BEGIN RAW DATA

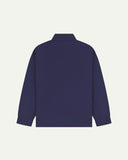 Flat back view of organic cotton deep indigo signal jacket from Uskees with view of reinforced elbows and raglan sleeves.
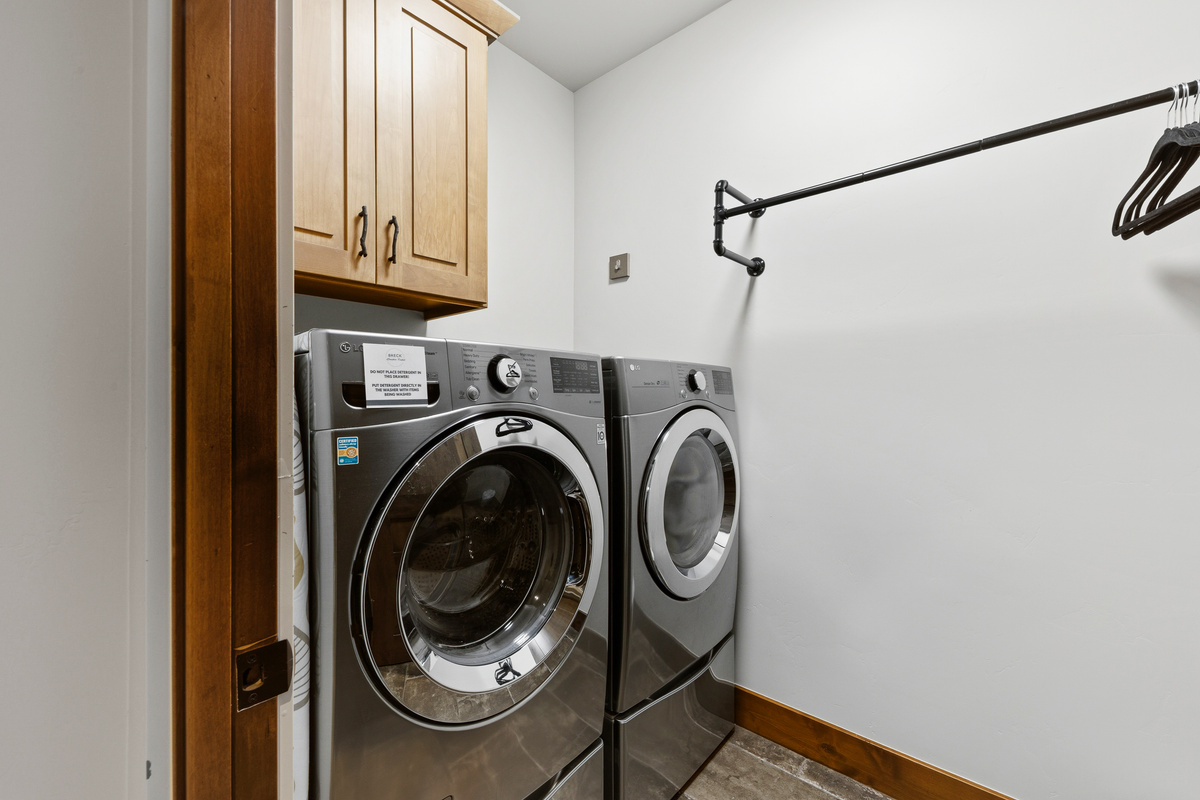 Laundry room with full-size washer and dryer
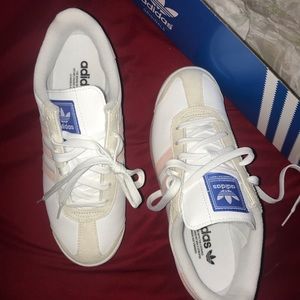 all white / pink striped adidas !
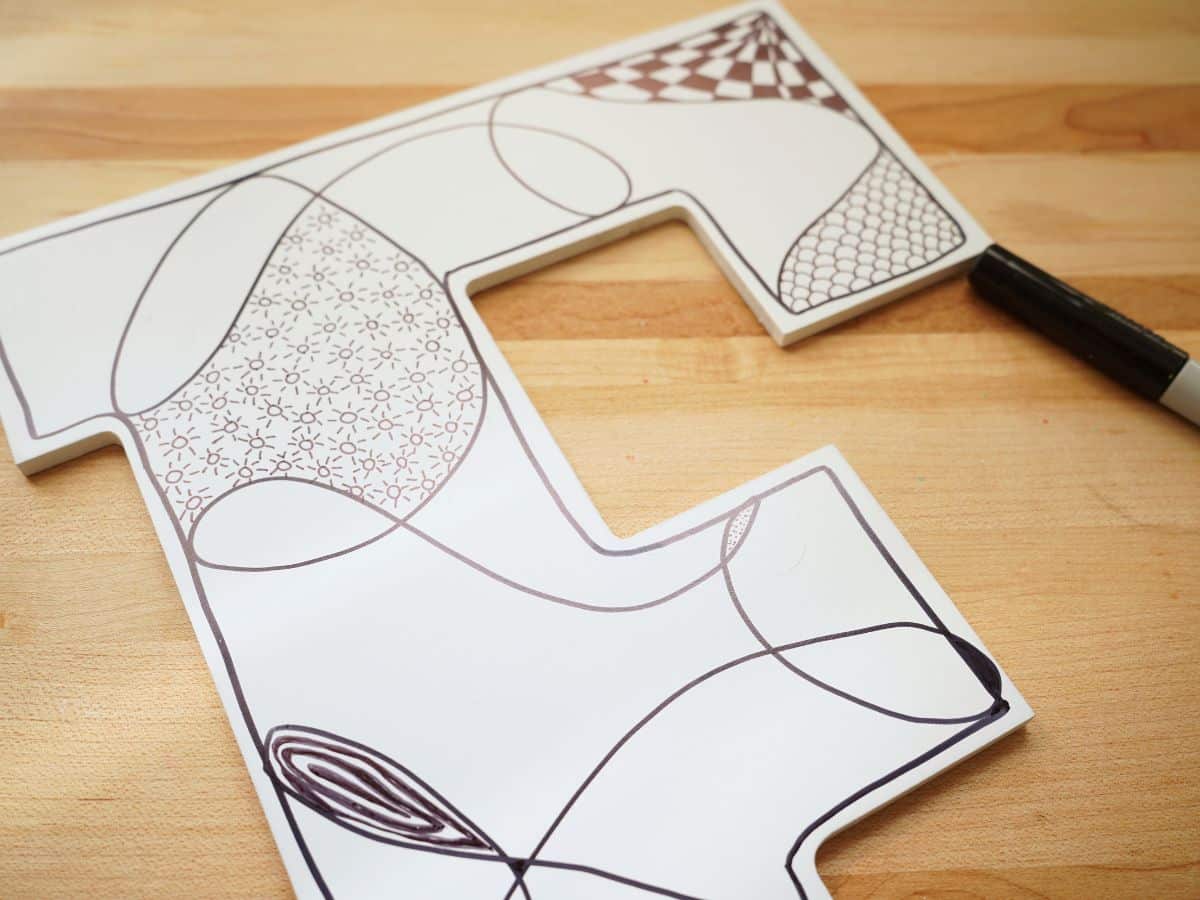 close up of sun zentangle pattern on wooden wall art project with marker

END RAW DATA

> WHAT THIS TASK INVOLVES
Your answer should set down the listing verbatim and leave out its images.

> OUTPUT
 Flat back view of organic cotton deep indigo signal jacket from Uskees with view of reinforced elbows and raglan sleeves.
 Laundry room with full-size washer and dryer
 all white / pink striped adidas !
 close up of sun zentangle pattern on wooden wall art project with marker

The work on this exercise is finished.